The meaning of quango shifted very early - the new meaning was backronymed to "quasi-autonomous national governmental organisation".

The current meaning of quango is a central government organisation with deliberately blurred lines of accountability to the responsible minister. The boundaries are intentionally fuzzy, but the central examples are non-departmental public bodies and non-ministerial departments.

This is now the sole de facto meaning of quango - which, for the avoidance of doubt, is a really useful word with its current meaning and the US should probably adopt it. The older meaning referring to a government-organised NGO had ceased to be widely used by 1997.

Incidentally, GONGO is a term that is actually used by the foreign policy establishment to criticise the fake NGOs set up by authoritarian regimes like China. It could usefully be used more widely.

I propose a pithier definition: any organisation set up by the government and not meaningfully accountable to the government.

As always, of course, QUANGO is a concept cluster for which any given definition can only be an approximation and any formal definition is likely to be a malicious mis-classification (EDIT: the latter isn’t pointed at you @MadMonzer).

I propose a pithier definition: any organisation set up by the government and not meaningfully accountable to the government.

In other words, something the government called up that they can not put down?

More like power laundering: Government A (1975) makes a quango, passes certain powers to it, vests it with authority, appoints its leaders, sends all relevant expertise there and then steps back. Future governments B (1980), C, D, etc. generally don't care enough to retrieve the relevant powers and if they do, they will find it very difficult. Press releases will be written about the important work the relevant quango does (the work is important, that's why it was laundered) and the expertise they have.

Imagine a UK government getting rid of the Office for Budget Responsibility (a real and very powerful quango)! The headlines write themselves. And the fact that the OBR has been consistently wrong and biased in its predictions, not to mention being inherently prejudiced to certain conclusion by dint of its remit and setup, is by-the-by.
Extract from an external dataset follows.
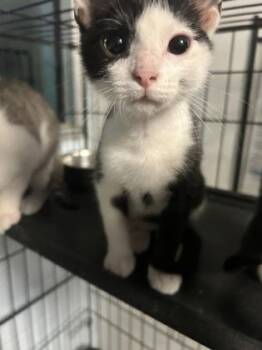 Stormy -  Domestic Short Hair Cat for Adoption in Palm Coast, Florida - Stormy | PetCurious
To be fair to the left, this style of government really got going under Thatcher's conservatives, who thought that these bodies would permanently remove import powers from future socialist politicians and trade unions. Thatcher's conservatives were mostly small-state libertarians, so they didn't want the power themselves, and they tried to put it where no government would be able to get it back. They were too preoccupied with the trade unions to really consider the future trajectory of the PMC, and nobody foresaw Tony Blair's rise to power. It's why I'm quite harsh about British conservatives: they still haven't learned that if you throw away the power vested in you by parliament, somebody else will pick it up.